Solution: your correct answer is "It sounds cool, but today I pass. An important business has already been planned for the evening.
" Of course, if you work in a friendly team, then colleagues may well ask what kind of event you have scheduled for the evening. Here you can say everything as it is: "I have a training today. And if I miss it, it will be really bad, because the last time I also couldn’t work out normally due to work." If your task is to be healthy and lead an active lifestyle, do not abandon the plan. But there is one important remark - you should not always ignore the proposals of colleagues to get out somewhere together.
This can negatively affect your relationship. Nevertheless, we spend too much time in general chats and business correspondence, which is why we experience a shortage of “live” communication. Therefore, the “no ties” format brings together and helps the team to become a team of like-minded people.
Photo: flickr. com
Situation : your boss is a typical workaholic, a weekend for him is a waste of time, and if his will, the working day would not last eight hours, but all 18.
He believes that even during sleep you should somehow answer on his letters, on the weekend to make reports, and on weekdays to be the last person to leave the office.
Solution: if you are not a workaholic, and you accidentally have a family (in which a scandal is already brewing), personal life (where discord is already brewing), friends (who have already forgotten about you ), interests (that guitar, which has been gathering dust in the closet for three months, has cost you a fortune) and health (which is no longer there - hello, sore lower back!) - it's time to say another soft, but persistent offer of the leader to sit longer hard and sure not. And in no case do not lose your temper and do not fall into blind rage if you meet resistance or surprise. Exhale and calmly reply: "I can’t stay, because I promised that I will spend this evening with my family and have already booked a table for us in a cafe." And next time, when the clock will be 17:45, and your boss will ask you to prepare the next urgent report and make a presentation, calmly reply: “I have an important event scheduled today that I can’t miss.
I am ready to arrive tomorrow earlier than usual and do everything. " Do not confuse resistance and refusal to fulfill your obligations with setting acceptable limits. You are an adult and must be able to calmly assert your own right to rest and personal time. And by the way, are you sure that when at one point you “burn out” (emotional burnout is inevitable with such a rhythm of work), your workaholic boss will not send you to the scrap without extra sentiment and will not find another irreplaceable employee in your place?
Photo: flickr. com
Situation : You were invited to a wedding in another city or country.
You are well aware that your six-month budget will be spent on this trip.

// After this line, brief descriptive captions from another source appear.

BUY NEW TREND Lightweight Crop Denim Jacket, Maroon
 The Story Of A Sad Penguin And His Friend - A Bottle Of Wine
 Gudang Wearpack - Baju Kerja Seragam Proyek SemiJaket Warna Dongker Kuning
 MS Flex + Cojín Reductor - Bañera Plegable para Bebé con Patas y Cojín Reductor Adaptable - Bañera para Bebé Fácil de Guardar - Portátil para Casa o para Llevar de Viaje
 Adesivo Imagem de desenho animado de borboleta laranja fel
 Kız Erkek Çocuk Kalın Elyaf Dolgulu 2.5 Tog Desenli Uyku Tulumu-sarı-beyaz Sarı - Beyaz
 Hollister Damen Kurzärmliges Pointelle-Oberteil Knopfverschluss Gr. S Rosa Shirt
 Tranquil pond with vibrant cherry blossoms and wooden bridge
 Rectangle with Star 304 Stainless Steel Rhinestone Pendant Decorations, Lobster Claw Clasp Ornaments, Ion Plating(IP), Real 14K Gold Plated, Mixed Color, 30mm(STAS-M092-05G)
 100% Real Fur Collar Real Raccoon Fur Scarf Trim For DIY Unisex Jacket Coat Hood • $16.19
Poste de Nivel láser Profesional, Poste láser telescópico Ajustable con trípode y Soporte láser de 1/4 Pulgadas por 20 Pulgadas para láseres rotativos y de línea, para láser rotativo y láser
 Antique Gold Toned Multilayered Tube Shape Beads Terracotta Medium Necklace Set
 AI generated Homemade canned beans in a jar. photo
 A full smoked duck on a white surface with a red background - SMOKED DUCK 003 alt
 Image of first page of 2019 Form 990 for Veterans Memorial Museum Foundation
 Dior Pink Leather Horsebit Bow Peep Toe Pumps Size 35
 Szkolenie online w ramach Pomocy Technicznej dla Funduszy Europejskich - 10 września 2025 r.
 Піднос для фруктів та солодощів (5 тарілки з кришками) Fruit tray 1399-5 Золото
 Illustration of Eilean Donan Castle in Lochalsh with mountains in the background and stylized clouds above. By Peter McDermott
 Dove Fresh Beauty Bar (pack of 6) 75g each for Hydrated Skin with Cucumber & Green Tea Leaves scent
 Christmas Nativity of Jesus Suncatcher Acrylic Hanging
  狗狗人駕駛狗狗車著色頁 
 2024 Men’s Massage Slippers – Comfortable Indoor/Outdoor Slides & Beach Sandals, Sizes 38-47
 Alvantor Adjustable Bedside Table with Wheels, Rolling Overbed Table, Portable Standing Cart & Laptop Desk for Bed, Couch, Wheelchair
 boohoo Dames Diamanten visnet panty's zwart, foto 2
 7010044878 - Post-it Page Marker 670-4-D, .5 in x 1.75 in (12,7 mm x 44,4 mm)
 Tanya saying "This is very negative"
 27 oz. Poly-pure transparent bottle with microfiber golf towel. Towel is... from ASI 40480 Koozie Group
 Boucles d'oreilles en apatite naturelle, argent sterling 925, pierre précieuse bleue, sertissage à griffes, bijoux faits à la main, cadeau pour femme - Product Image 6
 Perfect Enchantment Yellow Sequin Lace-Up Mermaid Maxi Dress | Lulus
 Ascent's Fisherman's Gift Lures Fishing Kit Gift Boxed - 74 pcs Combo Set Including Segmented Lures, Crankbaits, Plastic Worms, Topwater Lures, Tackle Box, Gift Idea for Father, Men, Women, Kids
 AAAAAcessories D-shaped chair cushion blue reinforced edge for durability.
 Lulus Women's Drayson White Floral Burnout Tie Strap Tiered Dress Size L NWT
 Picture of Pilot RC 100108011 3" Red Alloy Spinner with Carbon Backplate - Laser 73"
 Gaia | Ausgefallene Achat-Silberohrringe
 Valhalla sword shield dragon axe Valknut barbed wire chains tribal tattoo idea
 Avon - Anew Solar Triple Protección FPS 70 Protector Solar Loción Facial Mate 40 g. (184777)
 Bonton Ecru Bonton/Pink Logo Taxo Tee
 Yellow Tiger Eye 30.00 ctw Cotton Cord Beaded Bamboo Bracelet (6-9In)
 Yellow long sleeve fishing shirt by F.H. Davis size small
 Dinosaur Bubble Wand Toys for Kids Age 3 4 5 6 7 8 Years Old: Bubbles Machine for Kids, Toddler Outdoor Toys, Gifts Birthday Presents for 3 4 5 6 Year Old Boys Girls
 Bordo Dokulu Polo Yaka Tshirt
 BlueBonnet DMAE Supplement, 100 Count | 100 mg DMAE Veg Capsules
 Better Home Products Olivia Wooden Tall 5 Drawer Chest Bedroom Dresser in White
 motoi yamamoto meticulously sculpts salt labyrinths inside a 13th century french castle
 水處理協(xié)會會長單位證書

Solution: if you are absolutely not ready for such expenses, then just answer - “I am extremely happy for you. Wedding in such a cool place - it will be something fantastic, already look I’m waiting for photos. But alas, my meager accumulations do not allow me to physically join you, but mentally I will be with you. " And if you were asked to be a witness or bridesmaid, but at the same time you have neither financial nor time opportunities to do this, then refuse, calmly explaining the situation.
If you take on additional responsibilities when you are already busy all the time, there is a great risk of not being in time or doing something wrong. You do not want to spoil such an important day in the life of a person close to you.